Mais la question est de savoir ce que vont faire ces nouveaux leaders. S’ils se contentent d’annuler les contrats avec les compagnies étrangères et succombent aux recettes populistes habituelles, la résistance à la mondialisation va s’amplifier. L’idée que mondialisation et démocratie se renforcent mutuellement se sera avéré un mirage. Si, au contraire, ils utilisent les ressources dont ils disposent pour investir dans l’éducation, la formation et l’infrastructure rurale, alors ils démontreront qu’après tout, démocratie et mondialisation vont de pair. Que peut-on prévoir ?

Depuis la première présidence Garcia, il y une vingtaine d’années, le Pérou a profondément évolué. Il s’est considérablement réformé et le système politique a été renforcé. Depuis son élection, Garcia a rejeté ses vieilles recettes populistes. Il a commencé à réorienté les dépenses publiques vers l’éducation, la formation et des programmes qui permettent à plus de citoyens de profiter des opportunités créées par la mondialisation. Quant à Morales, il s’est lui aussi engagé à dépenser plus pour l’éducation, la formation et la santé au bénéfice des pauvres. Il veut changer la constitution pour renforcer le pouvoir des populations indiennes. Mais son appui à l’ouverture commerciale et à la libéralisation économique est incertain. Il se retrouve sous une forte pression. Ces deux pays resteront ouverts si les bénéfices de l’ouverture sont largement répartis, et ceci ne se produira que si leurs systèmes politiques donnent aux plus défavorisés le pouvoir de faire en sorte que ce soit bien le cas.
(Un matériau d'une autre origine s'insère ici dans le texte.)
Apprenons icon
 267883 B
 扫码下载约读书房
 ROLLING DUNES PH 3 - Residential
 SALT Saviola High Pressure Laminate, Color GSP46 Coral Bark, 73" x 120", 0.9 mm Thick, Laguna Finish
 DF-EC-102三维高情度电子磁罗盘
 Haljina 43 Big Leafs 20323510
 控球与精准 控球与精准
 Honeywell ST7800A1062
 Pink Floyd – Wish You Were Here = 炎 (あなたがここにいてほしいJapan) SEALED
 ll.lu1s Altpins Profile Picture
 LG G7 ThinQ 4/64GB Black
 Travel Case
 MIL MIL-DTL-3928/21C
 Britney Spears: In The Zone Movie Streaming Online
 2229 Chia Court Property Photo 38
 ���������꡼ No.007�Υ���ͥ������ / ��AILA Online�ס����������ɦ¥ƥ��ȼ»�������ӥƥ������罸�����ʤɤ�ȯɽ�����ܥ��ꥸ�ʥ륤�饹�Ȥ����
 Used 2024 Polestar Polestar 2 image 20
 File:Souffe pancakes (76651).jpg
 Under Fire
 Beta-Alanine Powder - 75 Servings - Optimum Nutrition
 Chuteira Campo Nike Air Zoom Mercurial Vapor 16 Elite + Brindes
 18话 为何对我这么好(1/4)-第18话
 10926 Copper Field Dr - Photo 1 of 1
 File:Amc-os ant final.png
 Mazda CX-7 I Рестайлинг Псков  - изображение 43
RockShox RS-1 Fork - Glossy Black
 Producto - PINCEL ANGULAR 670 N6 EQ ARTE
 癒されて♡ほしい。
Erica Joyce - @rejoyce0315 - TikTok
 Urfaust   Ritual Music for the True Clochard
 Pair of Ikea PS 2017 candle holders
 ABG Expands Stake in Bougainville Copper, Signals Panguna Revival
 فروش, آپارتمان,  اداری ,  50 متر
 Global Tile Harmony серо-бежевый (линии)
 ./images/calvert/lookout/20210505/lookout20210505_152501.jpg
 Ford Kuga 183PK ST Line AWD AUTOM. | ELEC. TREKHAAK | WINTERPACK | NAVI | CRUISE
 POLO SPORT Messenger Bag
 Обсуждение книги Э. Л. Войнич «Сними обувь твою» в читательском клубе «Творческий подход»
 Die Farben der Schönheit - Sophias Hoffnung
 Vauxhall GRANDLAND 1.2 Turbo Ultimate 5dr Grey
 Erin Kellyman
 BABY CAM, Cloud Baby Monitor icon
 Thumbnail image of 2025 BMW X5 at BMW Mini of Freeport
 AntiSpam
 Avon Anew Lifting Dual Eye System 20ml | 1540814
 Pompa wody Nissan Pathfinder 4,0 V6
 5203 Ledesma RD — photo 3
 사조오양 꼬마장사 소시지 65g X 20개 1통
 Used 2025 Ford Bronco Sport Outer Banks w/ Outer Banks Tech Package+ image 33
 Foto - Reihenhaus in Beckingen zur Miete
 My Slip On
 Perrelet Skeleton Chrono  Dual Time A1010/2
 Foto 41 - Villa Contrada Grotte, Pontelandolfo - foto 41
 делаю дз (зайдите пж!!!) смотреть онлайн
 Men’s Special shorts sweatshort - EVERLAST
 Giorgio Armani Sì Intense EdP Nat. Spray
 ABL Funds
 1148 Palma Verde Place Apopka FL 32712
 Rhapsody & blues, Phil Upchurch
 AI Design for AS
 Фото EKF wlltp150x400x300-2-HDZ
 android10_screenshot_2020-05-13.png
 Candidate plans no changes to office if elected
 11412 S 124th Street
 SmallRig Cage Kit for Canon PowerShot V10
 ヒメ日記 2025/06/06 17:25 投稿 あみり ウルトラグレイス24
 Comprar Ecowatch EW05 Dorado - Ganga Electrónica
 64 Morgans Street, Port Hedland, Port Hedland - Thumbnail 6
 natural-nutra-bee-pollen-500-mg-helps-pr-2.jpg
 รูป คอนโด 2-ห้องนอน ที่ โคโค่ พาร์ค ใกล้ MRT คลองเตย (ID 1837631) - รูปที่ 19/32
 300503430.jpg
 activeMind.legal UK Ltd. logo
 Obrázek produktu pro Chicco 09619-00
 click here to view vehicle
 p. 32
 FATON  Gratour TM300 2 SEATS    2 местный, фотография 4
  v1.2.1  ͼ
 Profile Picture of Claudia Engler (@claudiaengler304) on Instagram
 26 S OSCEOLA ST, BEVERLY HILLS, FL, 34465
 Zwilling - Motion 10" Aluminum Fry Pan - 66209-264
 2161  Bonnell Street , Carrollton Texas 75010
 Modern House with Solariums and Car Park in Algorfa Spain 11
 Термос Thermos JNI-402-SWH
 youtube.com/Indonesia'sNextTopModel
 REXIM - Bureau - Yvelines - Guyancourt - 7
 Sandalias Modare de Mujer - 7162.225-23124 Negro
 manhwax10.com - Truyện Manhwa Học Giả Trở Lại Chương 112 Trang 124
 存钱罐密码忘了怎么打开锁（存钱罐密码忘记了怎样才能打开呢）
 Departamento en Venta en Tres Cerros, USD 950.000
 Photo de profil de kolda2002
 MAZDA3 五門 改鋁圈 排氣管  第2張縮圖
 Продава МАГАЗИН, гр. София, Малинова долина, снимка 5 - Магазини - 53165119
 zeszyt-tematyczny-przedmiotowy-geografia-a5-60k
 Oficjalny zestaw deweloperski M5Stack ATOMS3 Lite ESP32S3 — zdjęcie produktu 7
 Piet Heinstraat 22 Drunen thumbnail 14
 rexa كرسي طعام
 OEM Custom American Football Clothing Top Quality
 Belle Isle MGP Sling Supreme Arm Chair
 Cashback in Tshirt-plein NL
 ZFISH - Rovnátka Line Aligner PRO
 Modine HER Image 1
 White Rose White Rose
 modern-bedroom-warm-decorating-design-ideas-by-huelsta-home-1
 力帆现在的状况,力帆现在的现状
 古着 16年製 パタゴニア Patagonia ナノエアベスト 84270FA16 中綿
Et la Chine ? Peut-elle continuer à combiner autoritarisme politique et libéralisation financière ? Le gouvernement est bien conscient que l’ouverture économique favorise la diffusion de l’idée étrangère de démocratie. Il s’efforce de limiter cette diffusion en renforçant son contrôle sur la diffusion de la presse étrangère et en limitant l’accès aux sites internet « subversifs ». Mais plus la Chine s’intègre dans l’économie mondiale, plus ces mesures vont entraver les gains de productivité et plus il sera difficile des les appliquer. Les autorités chinoises s’inquiètent aussi de l’augmentation des inégalités. Elles s’efforcent de contenir ces effets, se comportant ainsi comme un régime démocratique parce qu’elles redoutent les mouvements spontanés de protestation et d’autres défis au statu quo. Il semble peu probable que la Chine puisse indéfiniment réussir à supprimer les demandes de libéralisation politique. C’est en Chine que va être testée la thèse de Hayek selon laquelle la hausse du niveau de vie crée une demande irrépressible de liberté politique.